[Records contained in a dataset]
----------
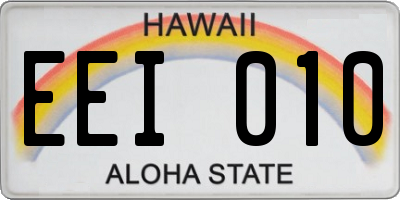 HI license plate EEI010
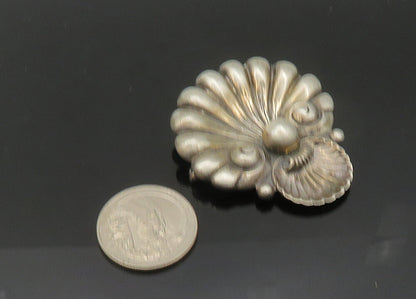 CINI 925 Silver  Vintage Antique Scalloped Sea Shell Motif Brooch Pin  BP8162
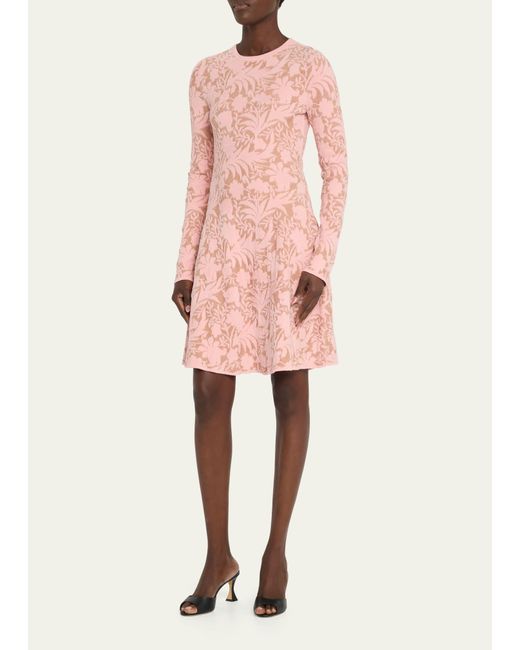 Lela Rose Pink Floral Jacquard Long-sleeve Fit-&-flare Dress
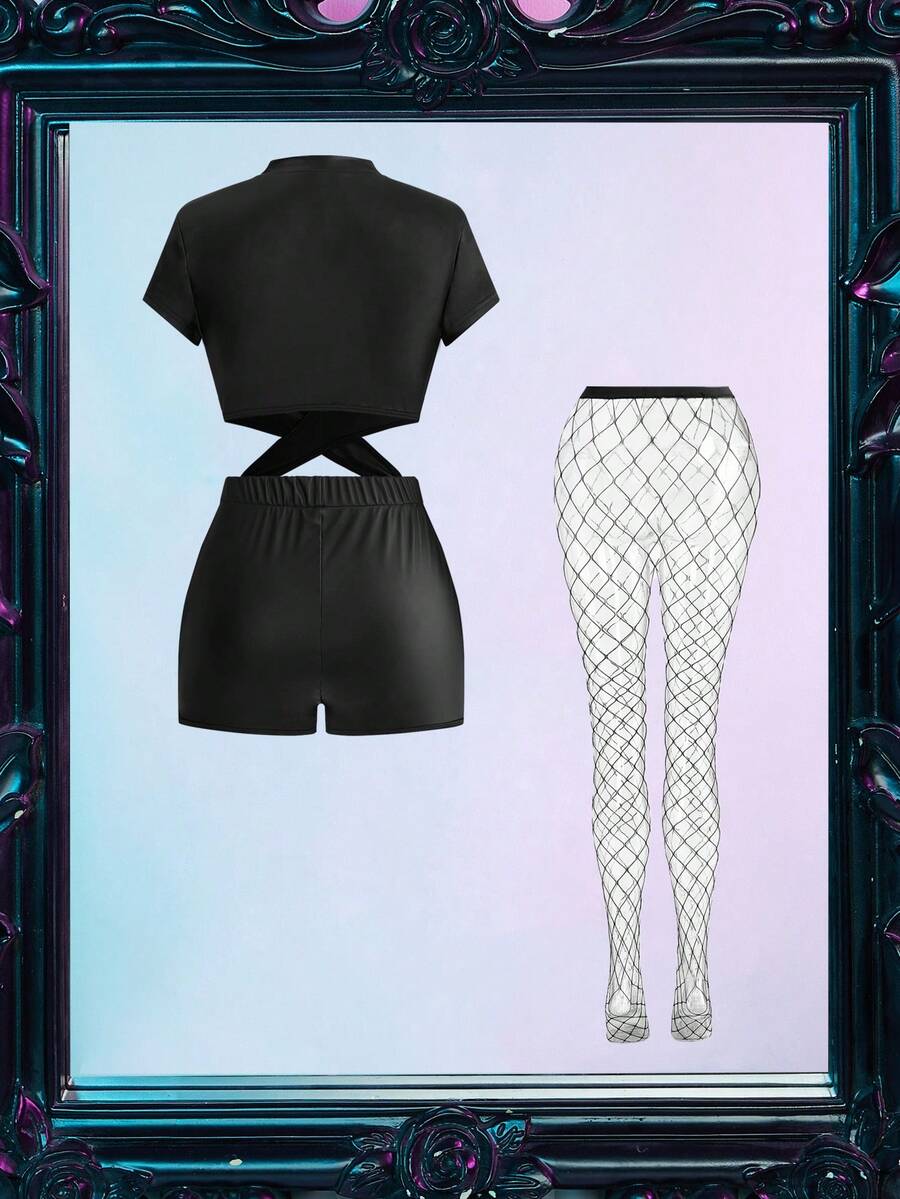 Women's short sleeve black bodysuit jumpsuit featuring a deep V neckline, patched wrap details, and wireless unlined design.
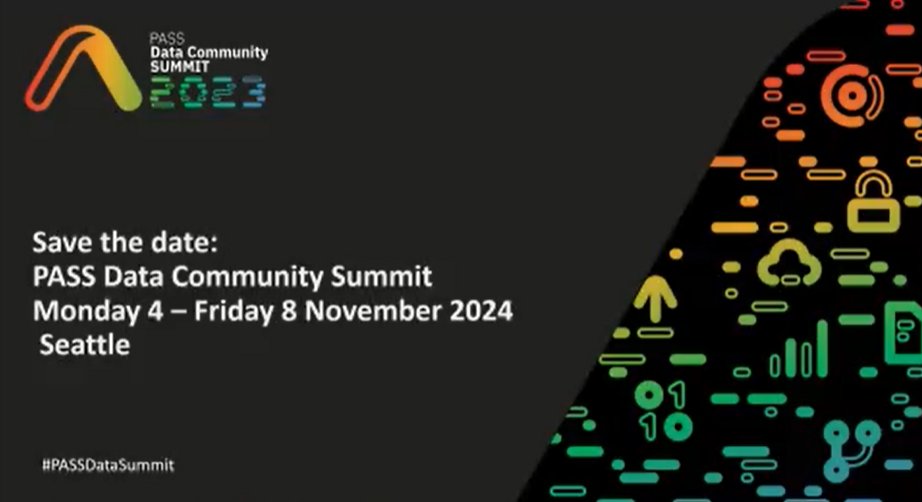 wstrasser's tweet image. Save the date for next years #PassdataCommunitySummit:

Monday 4th to Friday 8th November 2024 in Seattle

#AzureData 
@PASSDataSummit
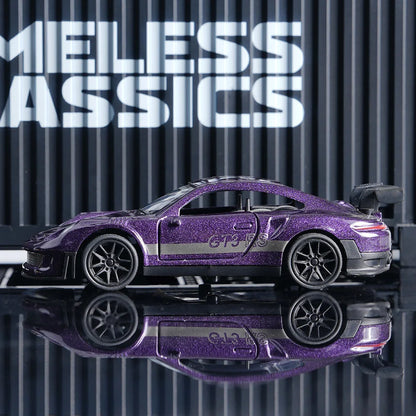 Diecast GT3 RS Model, Alloy Supercar Decor, 11cm Purple Collectible Vehicle with Openable Doors, Premium Ornament for Car Enthus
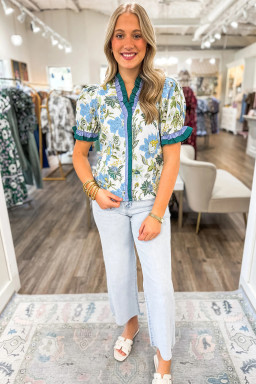 Beige Floral Print Contrasted Frilled Striped Trim Short Sleeve Blouse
----------
Goal of the exercise: Exact copy, no pictures: set down all the entries again as they stand.

Finished exercise:
 HI license plate EEI010
 CINI 925 Silver  Vintage Antique Scalloped Sea Shell Motif Brooch Pin  BP8162
 Lela Rose Pink Floral Jacquard Long-sleeve Fit-&-flare Dress
 Women's short sleeve black bodysuit jumpsuit featuring a deep V neckline, patched wrap details, and wireless unlined design.
 wstrasser's tweet image. Save the date for next years #PassdataCommunitySummit:

Monday 4th to Friday 8th November 2024 in Seattle

#AzureData 
@PASSDataSummit
 Diecast GT3 RS Model, Alloy Supercar Decor, 11cm Purple Collectible Vehicle with Openable Doors, Premium Ornament for Car Enthus
 Beige Floral Print Contrasted Frilled Striped Trim Short Sleeve Blouse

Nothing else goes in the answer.